Editorial: Council reforms strike right balance
Local authorities have only themselves to blame for the Government forcing them to live within their means.
During almost a decade in which rates rose at more than twice the level of inflation and the debt owed by New Zealand's 78 local bodies grew fourfold, councils have shown a disturbing lack of appreciation of the circumstances faced by their communities.
There was always a danger that in seeking to rein in councils, Local Government Minister Nick Smith would overstep the mark between central government regulation and local autonomy.
The reforms he announced on Monday appear to strike the right balance.
Limiting the purpose of councils to the provision of "good-quality local infrastructure, public services and regulatory functions at the least possible cost to households and business" will give a much sharper focus to the core responsibilities of local government.
It will not, despite the claims of some, stop councils from running public libraries, swimming pools, art galleries and museums or funding cultural and sporting events.
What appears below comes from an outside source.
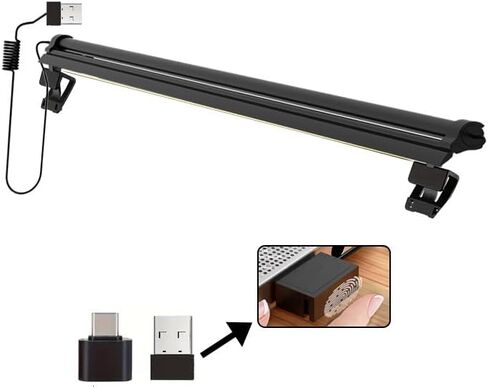 Portable Laptop Monitor Light Bar, E-Reading LED Task Lamp, 4 Color Temperature Settings, Stepless Dimming, No Glare on The Screen, Eye Care, Space Saving, for Office/Travel/Home in Saudi Arabia
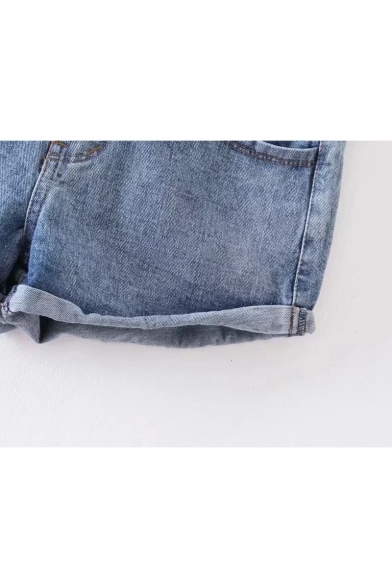 Womens Summer Vintage Light Blue Rolled Cuff Hot Pants Denim Shorts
Dr Smith yesterday went so far as insisting that councils could continue providing housing if they wished, a clear indication he does not intend the legislation to be overly-prescriptive.
Of much more significance to ratepayers will be the measures requiring councils to control their spending and reduce debt.
That will be done by limiting annual increases in expenditure to inflation and population growth and setting benchmarks on "prudent" debt levels, to be agreed with Local Government New Zealand.
Crucially, councils will be able to go outside the spending and debt limits in emergencies, though the devil is in the detail as to what that will mean.
The paper setting out the reforms specifically refers to disaster recovery, but ratepayers will want assurances that it could also apply to unexpected infrastructure work or liabilities, such as those faced by Wellington for the leaky buildings fiasco and earthquake strengthening.
The changes also include a subtle tool to increase the heat on councils that fail to get their own organisations in order before looking to cut services or increase user fees.
It will give control of council staff numbers and salaries to councillors, rather than chief executives, and require annual reports to include the number of staff in $10,000 salary bands, as state agencies do now.
That move follows the huge increase in council wage bills after changes to the Local Government Act in 2002, which widened the scope of local authorities.
When the changes were implemented, the total salary bill for all councils was $884 million. By 2010, it had grown to more than $1.6 billion, an increase of more than 80 per cent. In the eight years before the changes, the salary bill increased by a total of just 8.7 per cent.
Local body politicians who complain that the changes proposed by Dr Smith go too far will get little sympathy from ratepayers.
They have watched their rates bills rise by an average of 7 per cent a year since 2002 while the debt councils collectively owe has ballooned from $2b to $8b. They have had enough.